Exchange-traded funds (ETFs) are registering increased global interest, and the growth is evident based on the total value of their assets under management.
Data acquired by Finbold indicates that the value of assets under management (AUM) by the ten largest ETFs has surged 47.56% between March 2020 and April 2021, from $1.14 trillion to $1.69 trillion. Therefore the ETFs added $546.63 billion in the last 12 months.
SPDR ranks as the largest ETF, with AUM standing at $356.65 billion, a growth of 34.83% from last year’s figure of $264.51 billion. iShares Core ranks second with $277.58 billion in AUM, while in March last year, the value was $194.92 billion.
Elsewhere, investors showed more interest in specific ETFs, with Invesco QQQ emerging as the biggest gainer at 86.95% to $164.03 billion in April 2021. Vanguard Total Stock Market ETF is the second biggest gainer at 81% to $239.55 billion.
Why ETFs are surging in popularity
The notable growth in assets under management reflects the rising popularity of ETFs driven by increasing interest from investors towards passive income sources alongside awareness about the market. Furthermore, the attractive tax efficiency, cost, liquidity, and transparency nature of ETFs has partly played a role in the popularity.
The benefits of ETFs came into the spotlight in the past year when the coronavirus pandemic resulted in an initial crash of the stock market before the historic rebound. Amid the economic crisis, volatility in the markets spiked, and investors could quickly get in and out of ETFs while moving the risk. In this case, the liquidity of ETFs, unlike other fund structures, was an invaluable feature.
With ETF markets booming during the coronavirus pandemic, millennials have also been a key driver to the sector’s growth. The new generation of investors has explored the index funds to bet on market rallies and global trends.

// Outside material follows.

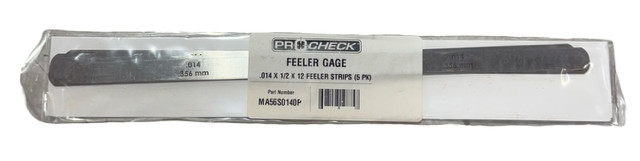 ProCheck .014" x 1/2" x 12" Feeler Gage Strips 5 Pack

In this case, young people who are not familiar with the operations of the financial markets are well-served by using a passive income management approach, and ETFs offer the solutions. ETFs also make it possible to build a diversified portfolio with relatively low investment amounts making it suitable for young people.
Besides millennials, the sector’s growth has also been aided by retail investors who are occupied by other jobs but need to earn passively. The nature of the ETF market is perfect for investors with minimal time and unable to participate in trading on a regular basis.
Response to pandemic boosts ETF markets
Over the past year, the growth of the ETF market was also boosted by the massive stimulus packages by governments to help revive the financial markets amid the economic meltdown.
Governments have slashed interest rates and expanded bond-buying programs to stabilize financial markets in rolling out the stimulus plans. Notably, these measures have been aggressive in return encouraging investors to participate in the ETF market.
Furthermore, for the United States, confidence was boosted by the Federal Reserve’s decision to use fixed-income ETFs to help strengthen the bond market. This was considered a vote of confidence in the sector from the bank.
Before the pandemic, the ETF market was still growing. However, some skeptical financial figures had predicted the market would crumble in case of a financial crisis. It could eventually see a severe contraction. The prediction of violent correction has been proven wrong based on the market’s rapid expansion in recent months.
What are the exchange-traded funds (ETFs)?
ETFs are a form of security that tracks an index, sector, commodity alongside other assets and can be traded on the stock market like regular stocks. ETFs usually track individual commodities, a collection of securities, or even be tailored to monitor specified investment approaches.